Я выхватил из футляра свою скрипку. Я получил всего пятнадцать уроков, прошел начальный курс. Вообще же я бездарен, и слуха никакого. Я поставил какие-то ноты на пульт и начал «исполнять штрихи», водить смычком по пустым струнам в первой позиции, без всякой вибрации; в тремоло я уже преуспел. Когда я внезапно прекратил «играть», за стеной было тихо. Я только услышал, как мой кумир кричал, уходя, слуге о каком-то пустяке.
VI
— Твой отец верит в Бога? — спросил меня вечером Петер. Будто небо потемнело.
— А твой верит? — попытался я спросить так же непринужденно, как Петер, однако с робостью отвернулся.
— Мой? — Петер засмеялся и поглядел на меня свысока.

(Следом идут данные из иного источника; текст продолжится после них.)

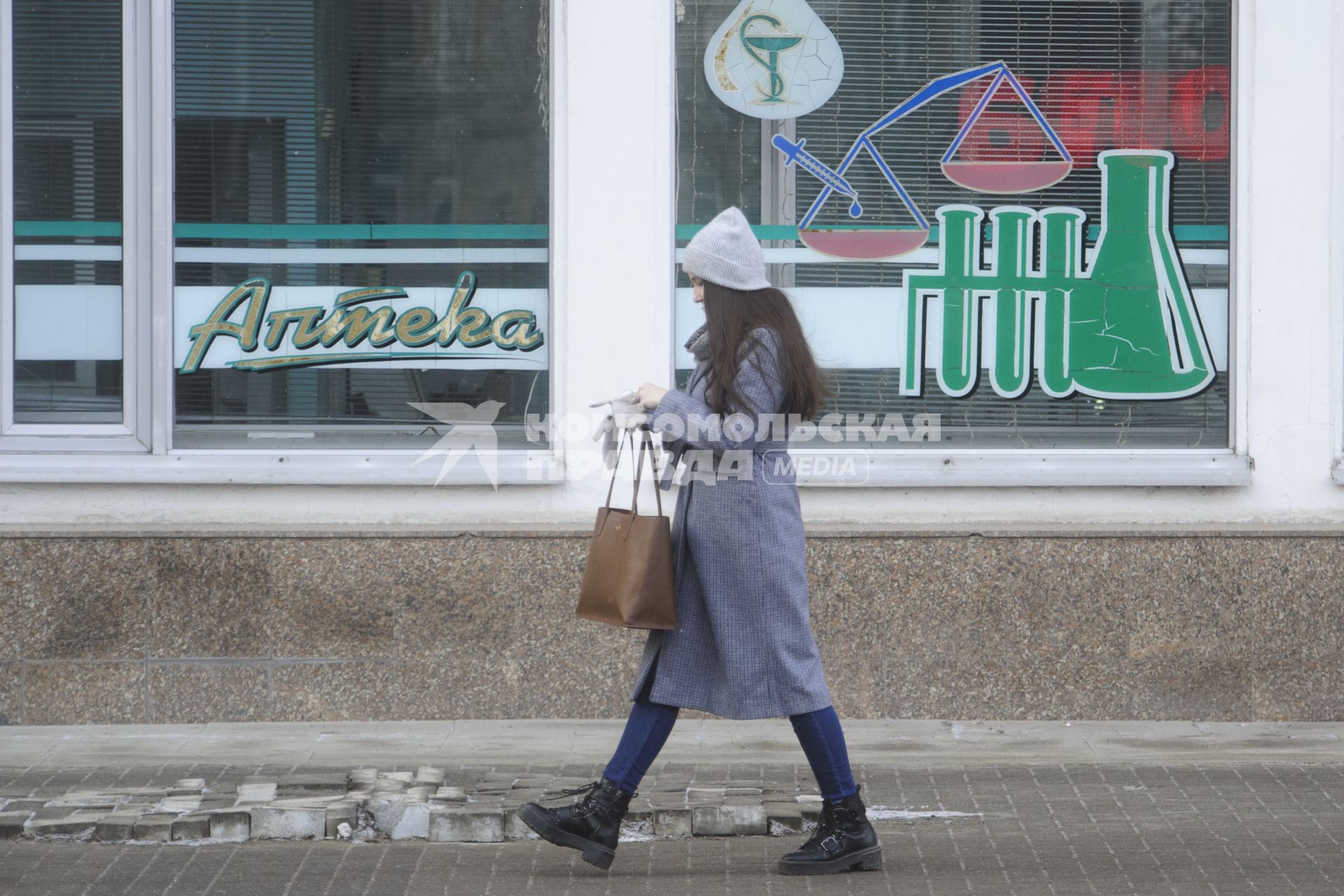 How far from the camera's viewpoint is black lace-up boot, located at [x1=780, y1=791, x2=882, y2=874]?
4402mm

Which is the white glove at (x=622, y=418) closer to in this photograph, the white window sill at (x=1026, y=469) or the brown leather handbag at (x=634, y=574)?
the brown leather handbag at (x=634, y=574)

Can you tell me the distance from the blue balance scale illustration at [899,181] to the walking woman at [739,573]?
2.24 m

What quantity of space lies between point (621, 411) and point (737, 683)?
0.80m

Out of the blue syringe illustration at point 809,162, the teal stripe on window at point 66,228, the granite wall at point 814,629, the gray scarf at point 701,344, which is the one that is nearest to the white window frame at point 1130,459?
the granite wall at point 814,629

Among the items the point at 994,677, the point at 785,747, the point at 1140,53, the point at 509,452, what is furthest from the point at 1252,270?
the point at 509,452

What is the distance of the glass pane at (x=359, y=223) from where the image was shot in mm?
6555

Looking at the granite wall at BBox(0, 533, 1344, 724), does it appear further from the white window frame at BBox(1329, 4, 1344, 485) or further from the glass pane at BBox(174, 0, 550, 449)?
the glass pane at BBox(174, 0, 550, 449)

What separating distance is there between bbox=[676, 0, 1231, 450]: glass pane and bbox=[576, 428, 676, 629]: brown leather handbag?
91.2 inches

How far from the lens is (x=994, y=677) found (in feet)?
21.1

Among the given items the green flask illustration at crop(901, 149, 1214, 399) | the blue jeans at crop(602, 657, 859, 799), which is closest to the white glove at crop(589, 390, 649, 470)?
the blue jeans at crop(602, 657, 859, 799)

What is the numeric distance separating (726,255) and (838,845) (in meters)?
1.64

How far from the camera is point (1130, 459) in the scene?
6.56 metres

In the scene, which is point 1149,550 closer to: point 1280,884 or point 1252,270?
point 1252,270

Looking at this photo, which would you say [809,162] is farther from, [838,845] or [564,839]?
[564,839] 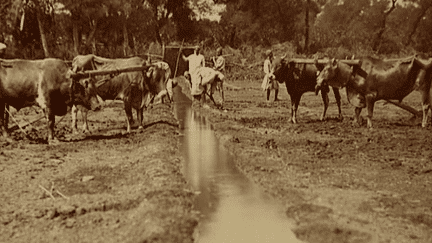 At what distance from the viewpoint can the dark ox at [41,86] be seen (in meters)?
13.7

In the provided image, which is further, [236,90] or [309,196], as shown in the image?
[236,90]

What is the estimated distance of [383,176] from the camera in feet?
33.4

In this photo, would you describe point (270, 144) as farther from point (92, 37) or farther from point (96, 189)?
point (92, 37)

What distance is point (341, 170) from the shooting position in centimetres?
1069

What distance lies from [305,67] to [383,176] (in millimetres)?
7737

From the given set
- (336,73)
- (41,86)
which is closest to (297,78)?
(336,73)

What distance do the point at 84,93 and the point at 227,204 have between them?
6.45 metres

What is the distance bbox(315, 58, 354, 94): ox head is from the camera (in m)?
16.2

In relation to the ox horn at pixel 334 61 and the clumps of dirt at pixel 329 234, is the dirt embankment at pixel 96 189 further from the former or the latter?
the ox horn at pixel 334 61

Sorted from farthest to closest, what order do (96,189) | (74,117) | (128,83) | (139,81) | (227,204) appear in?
(139,81), (128,83), (74,117), (96,189), (227,204)

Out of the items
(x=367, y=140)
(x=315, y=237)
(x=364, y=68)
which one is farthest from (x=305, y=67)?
(x=315, y=237)

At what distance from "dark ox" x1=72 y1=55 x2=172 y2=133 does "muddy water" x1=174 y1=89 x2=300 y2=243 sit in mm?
2600

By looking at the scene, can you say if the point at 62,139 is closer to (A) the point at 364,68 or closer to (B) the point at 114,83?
(B) the point at 114,83

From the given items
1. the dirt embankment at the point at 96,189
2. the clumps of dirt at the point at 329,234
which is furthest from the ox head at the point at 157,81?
the clumps of dirt at the point at 329,234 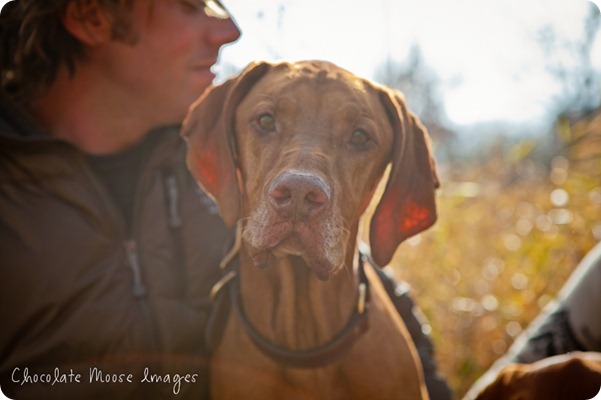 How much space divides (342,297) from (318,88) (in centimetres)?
68

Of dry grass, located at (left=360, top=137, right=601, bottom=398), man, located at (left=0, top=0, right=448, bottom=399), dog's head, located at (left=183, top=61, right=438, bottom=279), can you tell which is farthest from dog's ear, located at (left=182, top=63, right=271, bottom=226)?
dry grass, located at (left=360, top=137, right=601, bottom=398)

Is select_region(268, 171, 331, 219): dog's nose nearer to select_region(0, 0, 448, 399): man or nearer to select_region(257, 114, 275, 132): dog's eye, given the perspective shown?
select_region(257, 114, 275, 132): dog's eye

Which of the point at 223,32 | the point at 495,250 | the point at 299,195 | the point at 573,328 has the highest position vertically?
the point at 223,32

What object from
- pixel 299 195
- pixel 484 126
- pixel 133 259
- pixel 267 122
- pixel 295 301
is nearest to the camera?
pixel 299 195

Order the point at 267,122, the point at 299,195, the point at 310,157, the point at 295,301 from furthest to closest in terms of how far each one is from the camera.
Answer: the point at 295,301
the point at 267,122
the point at 310,157
the point at 299,195

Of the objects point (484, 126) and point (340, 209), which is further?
point (484, 126)

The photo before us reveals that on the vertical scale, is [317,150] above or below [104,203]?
A: above

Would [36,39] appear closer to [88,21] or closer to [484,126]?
[88,21]

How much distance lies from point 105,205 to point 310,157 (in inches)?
31.9

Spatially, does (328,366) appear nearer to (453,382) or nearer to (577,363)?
(577,363)

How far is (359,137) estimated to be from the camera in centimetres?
176

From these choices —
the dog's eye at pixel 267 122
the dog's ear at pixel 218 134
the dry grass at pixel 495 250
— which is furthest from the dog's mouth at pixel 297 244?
the dry grass at pixel 495 250

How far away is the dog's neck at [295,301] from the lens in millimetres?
1846

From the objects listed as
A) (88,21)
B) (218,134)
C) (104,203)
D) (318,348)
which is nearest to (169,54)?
(88,21) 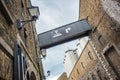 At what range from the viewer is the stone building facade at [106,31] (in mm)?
10602

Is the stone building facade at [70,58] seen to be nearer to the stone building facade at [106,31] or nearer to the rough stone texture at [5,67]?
the stone building facade at [106,31]

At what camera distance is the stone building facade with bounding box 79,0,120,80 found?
34.8 feet

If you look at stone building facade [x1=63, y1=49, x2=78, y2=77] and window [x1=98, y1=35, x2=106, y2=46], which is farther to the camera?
stone building facade [x1=63, y1=49, x2=78, y2=77]

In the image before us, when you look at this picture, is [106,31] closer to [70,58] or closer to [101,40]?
[101,40]

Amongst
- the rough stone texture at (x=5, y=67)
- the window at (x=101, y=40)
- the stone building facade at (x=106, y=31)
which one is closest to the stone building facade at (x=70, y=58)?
the stone building facade at (x=106, y=31)

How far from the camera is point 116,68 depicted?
11.7 meters

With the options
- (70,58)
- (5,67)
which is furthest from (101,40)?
(70,58)

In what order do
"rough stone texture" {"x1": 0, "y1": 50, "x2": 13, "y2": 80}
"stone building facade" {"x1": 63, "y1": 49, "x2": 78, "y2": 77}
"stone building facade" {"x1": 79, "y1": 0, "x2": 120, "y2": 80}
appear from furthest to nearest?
"stone building facade" {"x1": 63, "y1": 49, "x2": 78, "y2": 77} < "stone building facade" {"x1": 79, "y1": 0, "x2": 120, "y2": 80} < "rough stone texture" {"x1": 0, "y1": 50, "x2": 13, "y2": 80}

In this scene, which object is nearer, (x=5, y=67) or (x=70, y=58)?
(x=5, y=67)

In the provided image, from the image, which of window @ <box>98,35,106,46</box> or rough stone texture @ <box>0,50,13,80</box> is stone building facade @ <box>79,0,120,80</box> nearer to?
window @ <box>98,35,106,46</box>

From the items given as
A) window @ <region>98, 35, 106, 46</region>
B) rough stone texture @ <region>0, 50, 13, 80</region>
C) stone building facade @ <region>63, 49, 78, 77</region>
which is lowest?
rough stone texture @ <region>0, 50, 13, 80</region>

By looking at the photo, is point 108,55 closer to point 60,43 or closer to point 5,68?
point 60,43

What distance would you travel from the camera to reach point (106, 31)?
1160 centimetres

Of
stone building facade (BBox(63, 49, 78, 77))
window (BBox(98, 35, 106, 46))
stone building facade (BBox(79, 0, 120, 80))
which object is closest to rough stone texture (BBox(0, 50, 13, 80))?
stone building facade (BBox(79, 0, 120, 80)) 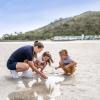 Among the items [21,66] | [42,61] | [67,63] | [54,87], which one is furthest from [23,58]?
[67,63]

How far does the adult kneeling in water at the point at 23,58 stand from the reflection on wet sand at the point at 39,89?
316mm

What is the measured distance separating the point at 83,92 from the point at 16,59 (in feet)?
7.29

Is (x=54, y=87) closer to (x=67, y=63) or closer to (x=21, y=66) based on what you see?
(x=21, y=66)

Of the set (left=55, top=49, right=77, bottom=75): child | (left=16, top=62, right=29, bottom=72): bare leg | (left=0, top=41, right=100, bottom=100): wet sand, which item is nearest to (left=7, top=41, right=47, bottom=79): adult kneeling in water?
(left=16, top=62, right=29, bottom=72): bare leg

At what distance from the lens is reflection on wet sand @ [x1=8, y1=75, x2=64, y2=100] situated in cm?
663

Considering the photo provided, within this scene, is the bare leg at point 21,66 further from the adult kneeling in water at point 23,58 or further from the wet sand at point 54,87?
the wet sand at point 54,87

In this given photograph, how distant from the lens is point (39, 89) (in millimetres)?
7441

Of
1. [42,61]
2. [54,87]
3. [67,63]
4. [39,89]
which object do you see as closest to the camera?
[39,89]

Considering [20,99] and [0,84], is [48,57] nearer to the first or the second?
[0,84]

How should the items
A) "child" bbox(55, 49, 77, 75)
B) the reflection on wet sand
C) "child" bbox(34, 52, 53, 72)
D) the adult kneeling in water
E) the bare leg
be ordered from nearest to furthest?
the reflection on wet sand < the adult kneeling in water < the bare leg < "child" bbox(55, 49, 77, 75) < "child" bbox(34, 52, 53, 72)

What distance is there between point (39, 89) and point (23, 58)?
126 centimetres

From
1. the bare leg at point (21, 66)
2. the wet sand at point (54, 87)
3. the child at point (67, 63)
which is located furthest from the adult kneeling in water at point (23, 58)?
the child at point (67, 63)

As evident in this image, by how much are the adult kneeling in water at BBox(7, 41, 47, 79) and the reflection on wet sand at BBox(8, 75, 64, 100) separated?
316 mm

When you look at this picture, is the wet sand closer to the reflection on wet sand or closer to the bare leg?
the reflection on wet sand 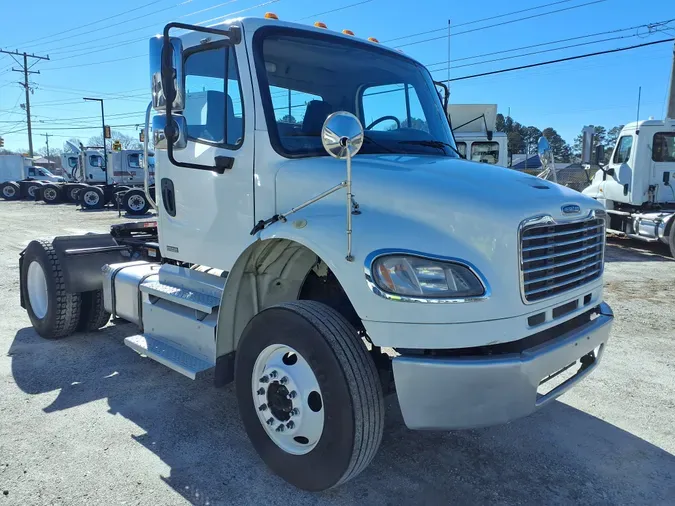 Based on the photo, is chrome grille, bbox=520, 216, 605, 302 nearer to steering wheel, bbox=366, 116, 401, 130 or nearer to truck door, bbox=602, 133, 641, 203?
steering wheel, bbox=366, 116, 401, 130

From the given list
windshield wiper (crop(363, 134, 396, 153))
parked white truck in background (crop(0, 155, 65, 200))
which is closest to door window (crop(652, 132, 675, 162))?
windshield wiper (crop(363, 134, 396, 153))

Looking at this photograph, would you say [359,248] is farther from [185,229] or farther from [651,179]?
[651,179]

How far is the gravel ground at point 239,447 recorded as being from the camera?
2.95 m

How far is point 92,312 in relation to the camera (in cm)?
570

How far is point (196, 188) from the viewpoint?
3.85 metres

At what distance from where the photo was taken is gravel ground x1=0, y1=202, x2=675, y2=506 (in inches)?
116

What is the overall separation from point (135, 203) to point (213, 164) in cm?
2014

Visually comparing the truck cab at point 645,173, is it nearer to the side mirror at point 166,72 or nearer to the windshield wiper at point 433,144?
the windshield wiper at point 433,144

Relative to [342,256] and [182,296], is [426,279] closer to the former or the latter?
[342,256]

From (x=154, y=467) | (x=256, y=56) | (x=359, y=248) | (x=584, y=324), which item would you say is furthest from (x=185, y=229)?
(x=584, y=324)

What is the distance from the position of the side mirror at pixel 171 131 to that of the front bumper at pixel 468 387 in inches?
75.6

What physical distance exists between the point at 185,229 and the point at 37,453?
1.74 meters

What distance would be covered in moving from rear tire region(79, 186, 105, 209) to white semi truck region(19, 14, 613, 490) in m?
22.7

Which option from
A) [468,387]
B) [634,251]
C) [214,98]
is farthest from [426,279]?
[634,251] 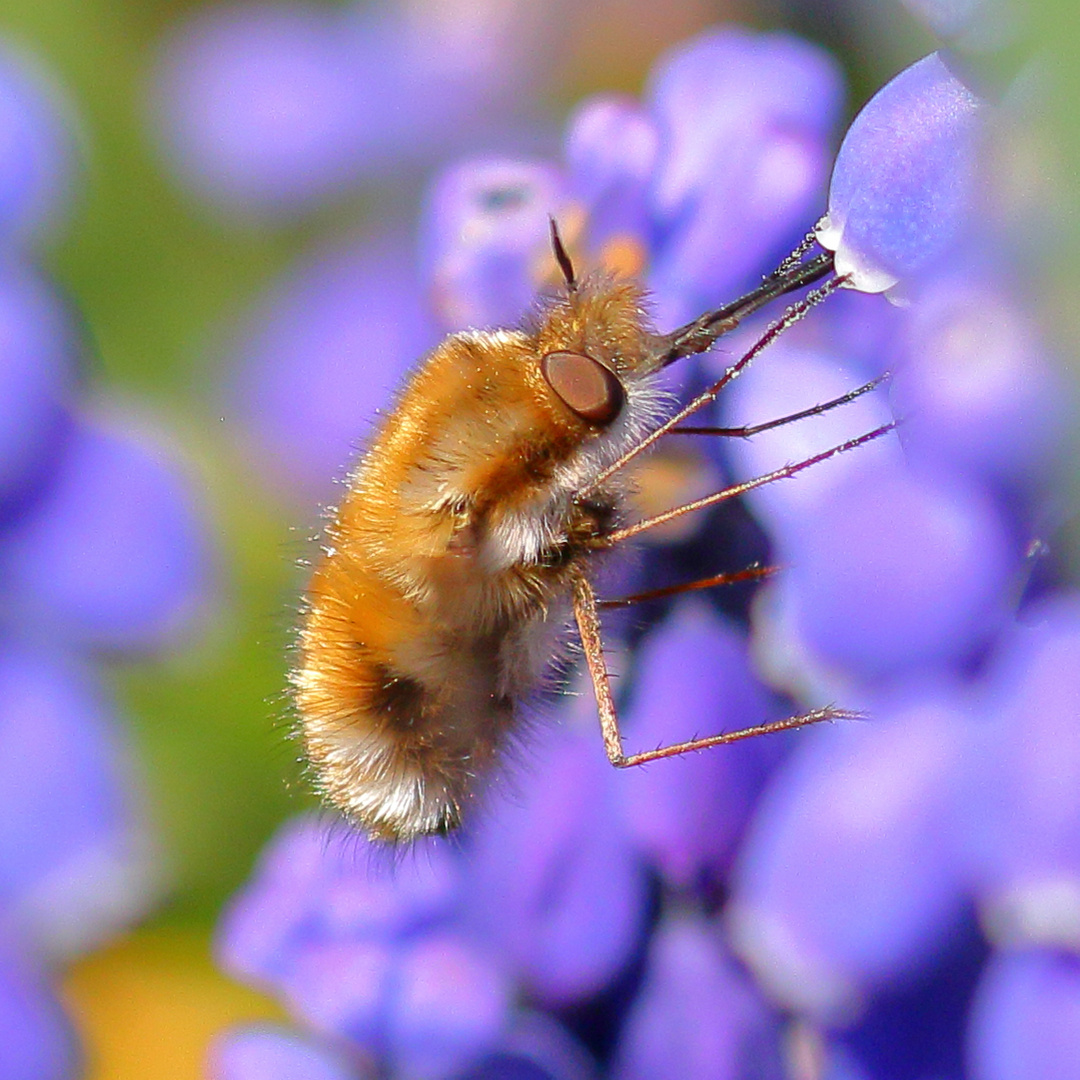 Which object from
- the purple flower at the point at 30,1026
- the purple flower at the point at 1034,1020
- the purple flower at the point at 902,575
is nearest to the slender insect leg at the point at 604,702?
the purple flower at the point at 902,575

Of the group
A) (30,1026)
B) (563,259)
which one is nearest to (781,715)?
(563,259)

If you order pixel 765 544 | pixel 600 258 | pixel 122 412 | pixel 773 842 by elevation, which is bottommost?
pixel 773 842

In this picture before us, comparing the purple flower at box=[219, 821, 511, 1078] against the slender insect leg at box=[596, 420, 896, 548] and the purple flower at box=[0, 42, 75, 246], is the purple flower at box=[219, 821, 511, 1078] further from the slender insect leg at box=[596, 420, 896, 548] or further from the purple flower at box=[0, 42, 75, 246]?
the purple flower at box=[0, 42, 75, 246]

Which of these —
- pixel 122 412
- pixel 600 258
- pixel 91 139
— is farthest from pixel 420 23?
pixel 600 258

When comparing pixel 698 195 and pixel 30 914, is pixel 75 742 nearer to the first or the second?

— Мой тоже не верит, — сказал я, ненавидя своего отца, потому что он верил в Бога, то есть был плебеем, и каждое воскресенье ходил в церковь.
1914—1915
Слуги
Не стоит говорить здесь о сочувствии и восхищении; ведь, хотя некоторая их деятельность требует напряжения и работы рук, кто назвал бы их участь негероической и сравнил бы их идиллическую усталость с работой могильщика, с опасностями, окружающими заводского сторожа, с утомленностью солдата?
А действительно! Это ведь легкая работа — мыть ночные горшки; не требует особых усилий — водить метелкой; и если служба начинается очень рано — не каждый же день бывают гости! Почему же эта доля наполняется в наших благородных сердцах прямо-таки трогательной святостью, хотя мы сами обеспечены отнюдь не сверх меры и рождены для мучений наших собственных занятий? Несмотря на весь социальный пафос, нам не приходит в голову настаивать на реформах, и хотя степень нашей человечности, возможно, весьма высока, мы абсолютно не расположены менять их судьбу. Нет, мы бурно требуем по утрам наш кофе, словно мы единственные на свете; мы грубы, если наша постель не в порядке; и если небрежность их возрастает, мы их увольняем.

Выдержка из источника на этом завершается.